Emily Rice Published

Gov. Justice Signs Tax Cut Bill

Three men hold a signed piece of legislation as balloons fall in celebration.
Gov. Jim Justice celebrates the signing of a tax cut bill with President of the Senate, Craig Blair, left and Speaker of the House, Roger Hanshaw on the right.
WV Legislative Photography/Will Price

Gov. Jim Justice signed the much-debated tax cut bill with a group of lawmakers on stage at the Culture Center to celebrate the event with music and a balloon drop.

Justice said of the event’s jubilation, that the road to this tax cut has been rough, and today was a time to celebrate.

“God above gave us the ability to smile and laugh,” Justice said. “And with all of that, he knew this journey was gonna be tough, didn’t he? And he wants it to be that way. He wants to challenge us and we want it to be that way. But he gave us the ability to smile along the way.”

The signing into law comes just days after the House approved House Bill 2526, agreeing with the Senate’s proposals to reduce the personal income tax. HB 2526 represents a $754 million cut in taxes.

“It’s so much better in life and anything we do when we do it as a team,” Justice said. “When absolutely everybody wins, whether it be the House, the Senate, the governor’s office, all the great people in the state of West Virginia, when everybody’s on a team, and everybody wins. It’s a great, great, great day in the state.”

Personal income tax rates will be cut by 21.25 percent across all six tax brackets, retroactive to Jan. 1, 2023. 

Additional personal income tax reductions will be limited to no more than 10 percent at any given time, but a formula will activate further tax cuts when the surplus allows.

Taxpayers will receive a 100 percent tax credit on their vehicles when they pay personal property taxes, and small businesses can claim a 50 percent refundable tax credit against personal income taxes or the taxes paid on machinery, equipment and inventory.

Disabled military service veterans will receive a refundable tax credit against their personal income taxes for real property taxes paid on their homes.

Senate President Craig Blair, R-Berkeley, said the proof of progress is in the evidence of economic growth in West Virginia.

“This is part of the process of what’s going on, it’s calculating the numbers, knowing what’s going on, that teamwork has been in place for over eight years,” Blair said. “And you can see it, you can see it on the jobs that are coming to the state of West Virginia, and as you grow your tax base, it actually makes it so that you have the resources to be able to give back and spread the wealth. And that is happening now in the state of West Virginia, it will only become exponential as we move forward.”
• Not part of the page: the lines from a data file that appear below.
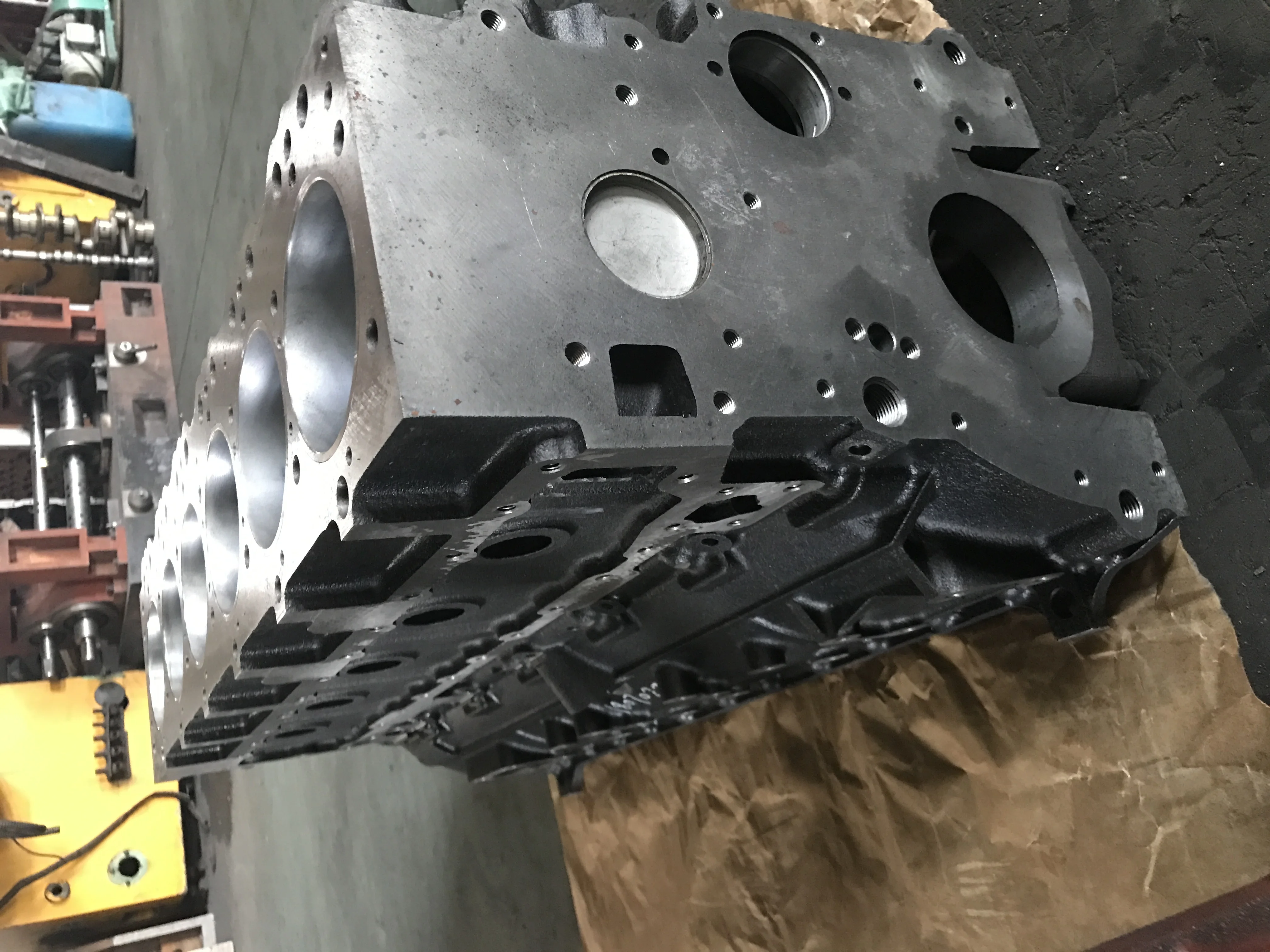 111210-4437 كتلة اسطوانة المحرك - 6BD1/6BGT1/BD58 (1-11210442-3 كتلة المحرك)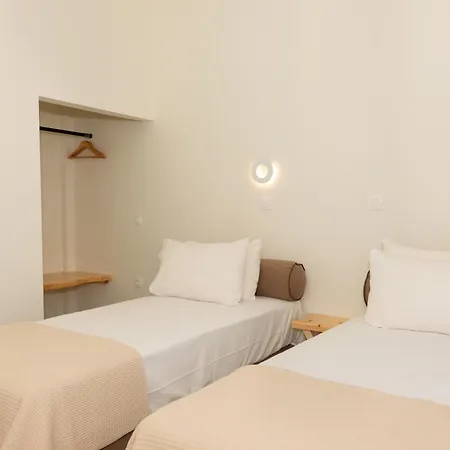 Aparthotel Ellinas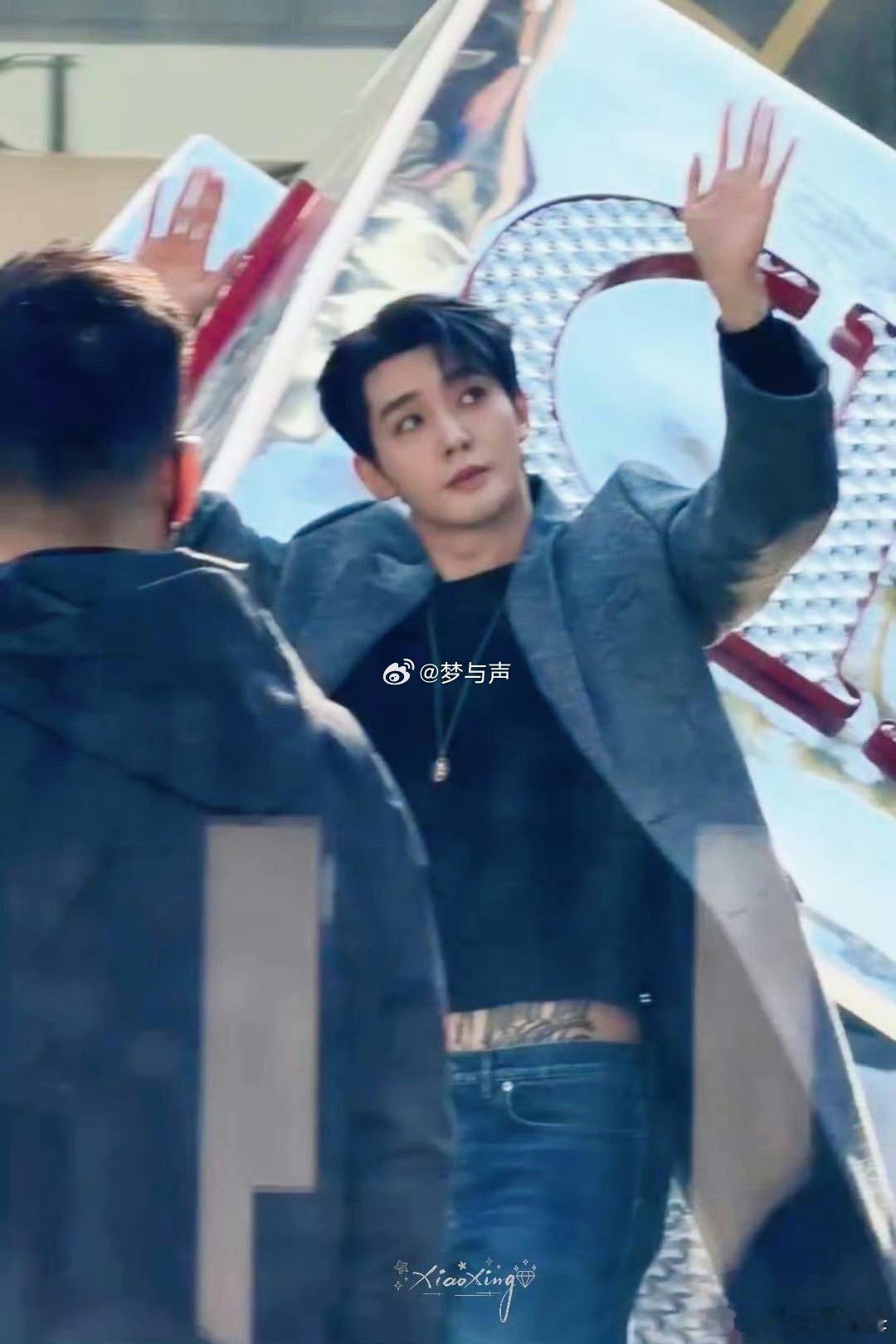 邓为腰上的纹身 别人露腰是营业，邓为露腰是艺术。毛衣严丝合缝，偏偏那秒抬手泄露春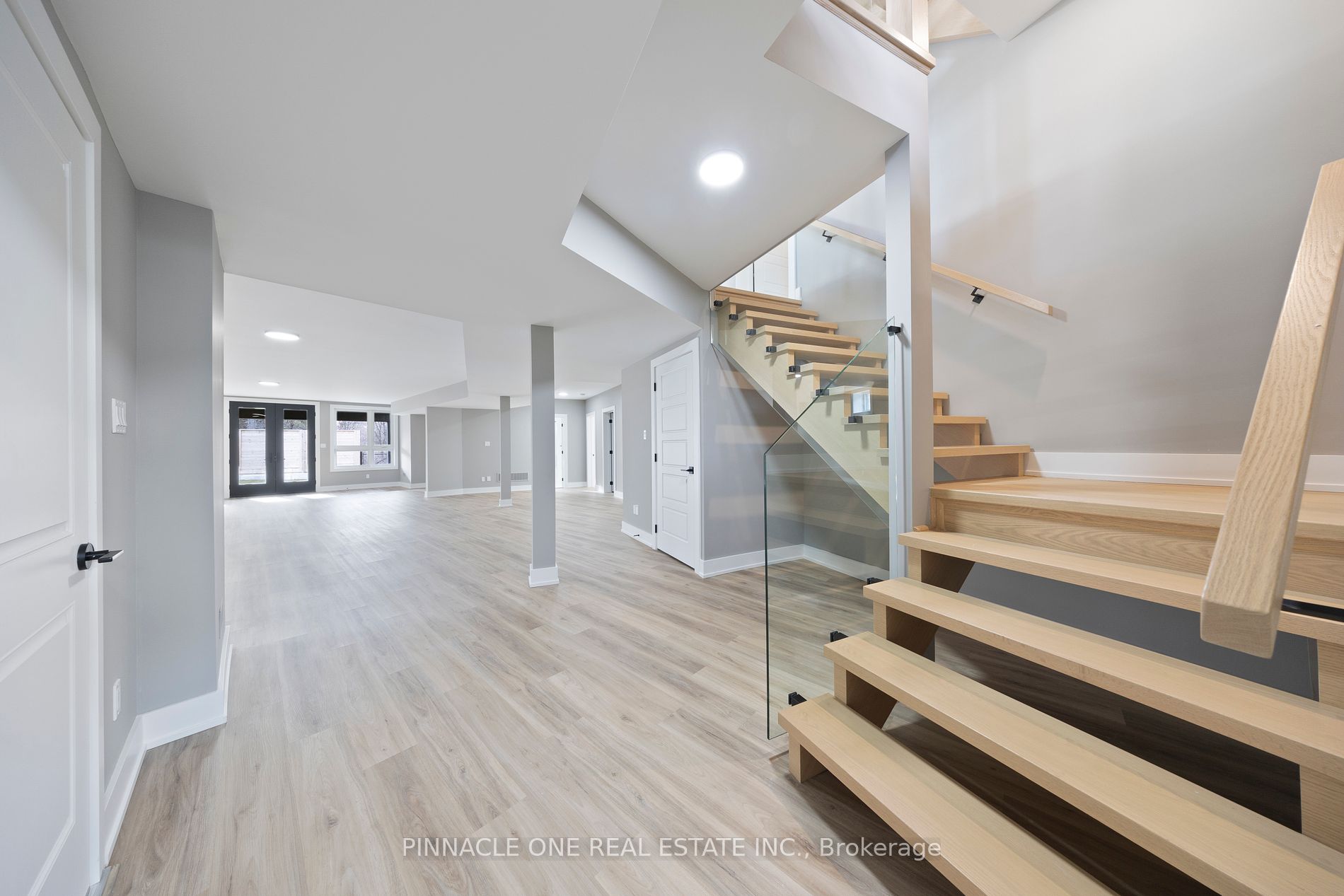 12 Tidmarsh Lane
Opponents of the tax cut have voiced concerns about the state’s ability to keep up with infrastructure costs with such a high tax cut.

Blair called the tax cut momentous and mentioned that $760 million of the state’s reported $4.8 billion budget will return to the people of West Virginia.

“Four years of a flatline budget provided $588 million of the $760 million, that continued growth to be there, but we’re not counting severance taxes into the equation at all,” Blair said. “We’ll be able to do deferred maintenance, as we’ve got all that built in. That’s why we refused on the Senate side, to go to the 50 percent or 30, 40, 50, those numbers didn’t work and still maintain moving for the state forward, you got to be able to have money to be able to invest in yourselves.”

HB 2526 was signed into law Tuesday afternoon.